Michael and I both arrived in Dhaka (in the middle of the night) very tired, but excited and open to whatever new experiences were to await us. We were certainly in for some surprises! We stayed with our friends, Jack and Wendy, who are friends from our church here in Bangkok. They have since moved to Dhaka, and our main purpose for going there was simply to visit them. Experiencing a new culture was a big bonus, though!
We did all sorts of things during the week, mostly including following Wendy around on various errands as well as visiting a few notable sites. (I'd call them tourist-y, but since there really isn't any tourism in Dhaka, I'd be misleading you on that point!) One morning was spent going to a school that Wendy helps to teach at; we also visited some stores and markets of various sorts throughout the week, and ate at a few of the nice restaurants that can be found in the area. Most of our time was pretty relaxed, with no particular goals or destinations.
(above) Our first and only experience riding a rickshaw - we were in the middle of nowhere, so it wasn't quite as scary as it would have been if we were in the middle of the city!
(above and below) A couple of sights at an old fort that we visited
I think the most enjoyable thing for me was simply being out and about for a while each day. No matter where we were, or where we were going, there was always something to look at out the window. In Bangkok, there's a fair amount of things that happen on the street, including traffic, motorcycles weaving in and out of cars and (occasionally) on the sidewalk, vendors making and selling food on the street, etc. All of that is nothing in comparison with what we saw on the streets of Dhaka! The traffic alone was fascinating (and scary) to watch! Various types of rickshaws coming and going through traffic, bikes, motorbikes, buses, trucks (none of which necessarily followed any particular rules of driving), people walking (often with bulls or goats, which I'll explain in a bit), beggars tapping on car windows asking for money, and above it all, car horns honking constantly. I'm pretty sure, in terms of any vehicle, that the horn is more important than the brakes in Dhaka. I thought we were going to get into an accident upon many occasions as we drove through the loud, crowded insanity that filled the streets. Fortunately, we didn't; our friends have professional drivers to take them places, so we were in very safe hands wherever we went. Below are a few of the sights that we saw while on the road to different destinations:
(above) A CNG - looks somewhat similar to a tuk-tuk in Thailand, except it's caged in
(above) Most of the buses are in pretty wretched shape - they tend to scrape against each other while on the road, and many of them don't have tail lights, which makes it a little frightening to drive at night!
(above) Rickshaw art
(above and below) At an intersection - there's just SO MANY PEOPLE!
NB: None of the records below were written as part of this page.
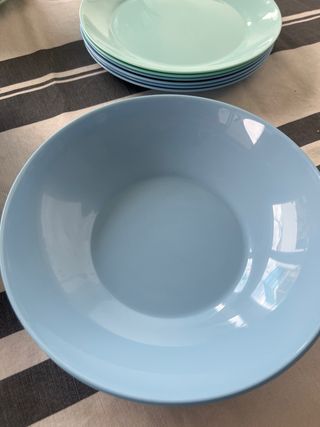 Juego de platos azules y verde azulado. 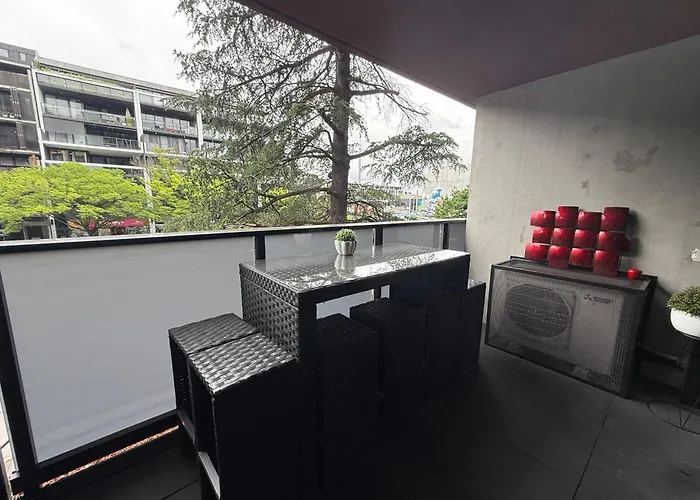 Midnight Luxe 2Br 2Bath 2Car 230 In The Heart Of Braddon Pool Gym Sauna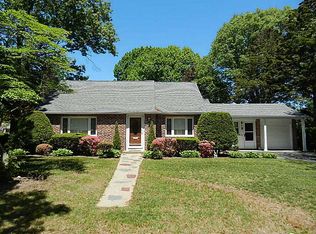 132 Woodstock Ln, Cranston, RI 02920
We also had some interesting experiences with the Muslim holiday Eid al-Adha. Part of the celebration of the holiday includes slaughtering/sacrificing a bull or goat, and the days leading up to the sacrifice day are filled with buying, selling, and transporting the animals. We saw quite a number of bulls and goats during our stay:
Overall, we had a really fantastic time - seeing friends, experiencing a new culture, and learning a lot of things that we never knew before. Despite these things, Michael and I were both quite happy to come back to the familiarity of Bangkok and Thai culture. Vacation is great, but coming home is pretty great, too.